Sleep Well Beast is The National’s most disparate and varied record since 2005’s Alligator. Past albums have each been set their own constraints, such as the driving drums and subtle electronics of Boxer, or the ambient orchestration of Trouble Will Find Me. Bearing this in mind, this new record feels like an amalgamation of all the skills the members have acquired across their career, including lesser-appreciated (but worthwhile) side projects LNZNDRF and Planetarium. This holds true across the album: from the distorted guitars and humorous, political lyrics of ‘Turtleneck’ (‘This is so embarrassing/Ah, we’re pissing fits/Crying on our doorsteps in t-shirts loose and ripped’), to one of the album’s highlights ‘Guilty Party’, a song with a build so subtle and intricate that its power is only evident upon rewinding.
Lyrically, however, The National are consistent. In Rolling Stone, lead singer and lyricist Matt Berninger described the record as being ‘about marriage, and it’s about marriages falling apart’. In reality, his marriage is healthy — so much so that his wife, editor and producer Carin Besser, co-wrote many of the lyrics with Berninger. Regardless, his self-esteem, or lack thereof, is apparent, particularly on ‘Carin At The Liquor Store’, where his self-deprecation is set to a beautiful, ebbing 6/8 piano harmony (‘It’s gonna be different after tonight/You’re gonna see me in a different light’).

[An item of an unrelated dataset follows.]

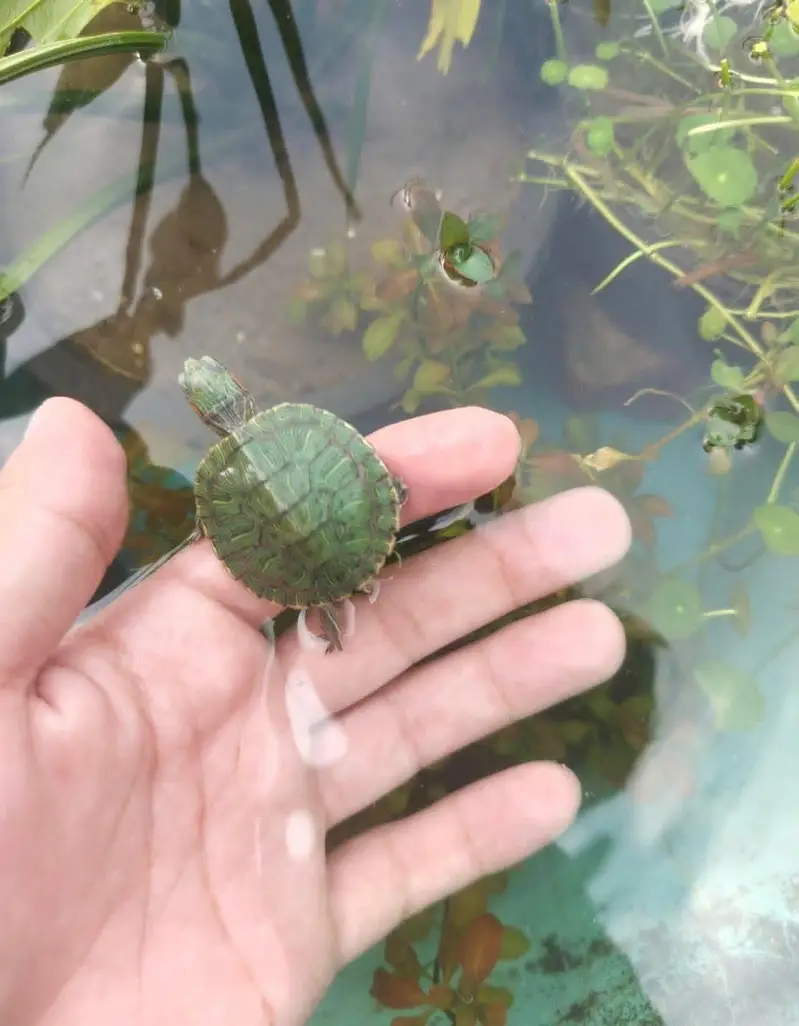 Turtle Red ear slider turtles — photo 6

The National have long been obsessed with fraught relationships, and the insecurities they bring: the 2011 documentary film Mistaken For Strangers, created by Berninger’s brother, Tom, began as a fun documentation of life on the road during their High Violet world tour, but ended up being a touching reflection on fraternal love and acceptance. On Sleep Well Beast, as on all of their records, the band couples intimacy with rock and roll.

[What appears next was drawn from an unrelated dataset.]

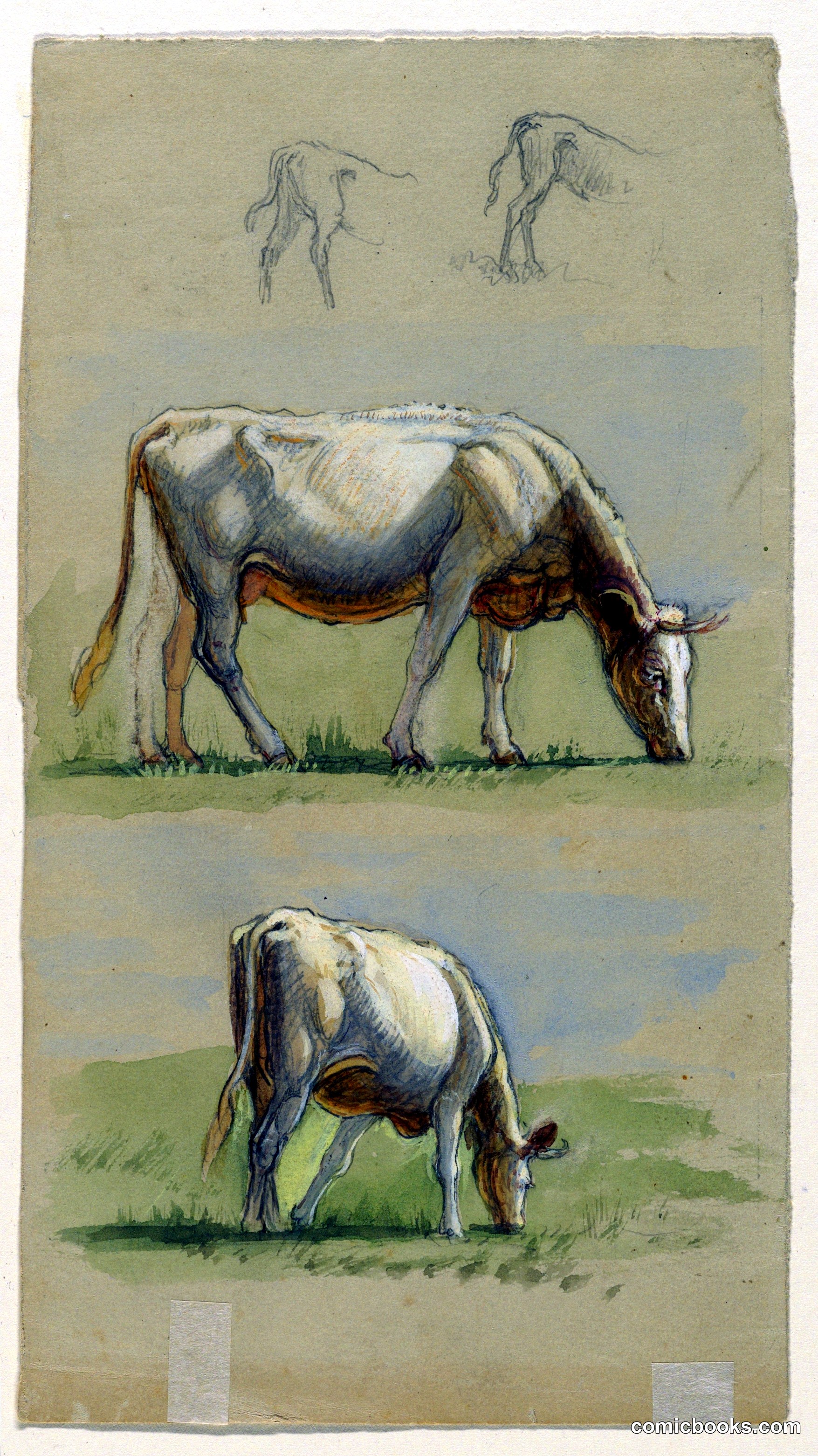 Cattle Study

Interestingly, there is a certain profundity that comes with the moments, scattered throughout Sleep Well Beast, where The National sound like their insecurities are about to swallow them whole. This is obvious on the chaotic, ragged guitars of ‘Turtleneck’, or the key motif and solo of ‘The System Only Dreams In Total Darkness’. Their anxieties turn political on ‘Walk It Back’, featuring the words of Republican advisor Karl Rove, as read by Irish folk singer Lisa Hannigan:
You believe that solutions emerge from your judicious study of discernible reality. That’s not the way the world really works anymore. We’re an empire now, and when we act, we create our own reality.
Here, for the first time, The National’s inward brooding begins to sound like an outward panic.
Whilst upon immediate listen, it may sound like The National have lost the laser-sharp focus of their previous records, Sleep Well Beast’s subtle powers reveal themselves slowly to the listener. Although they sound more worried and rugged than ever, the band still retains the vulnerability, sensitivity, and sense of catharsis that make them an important band.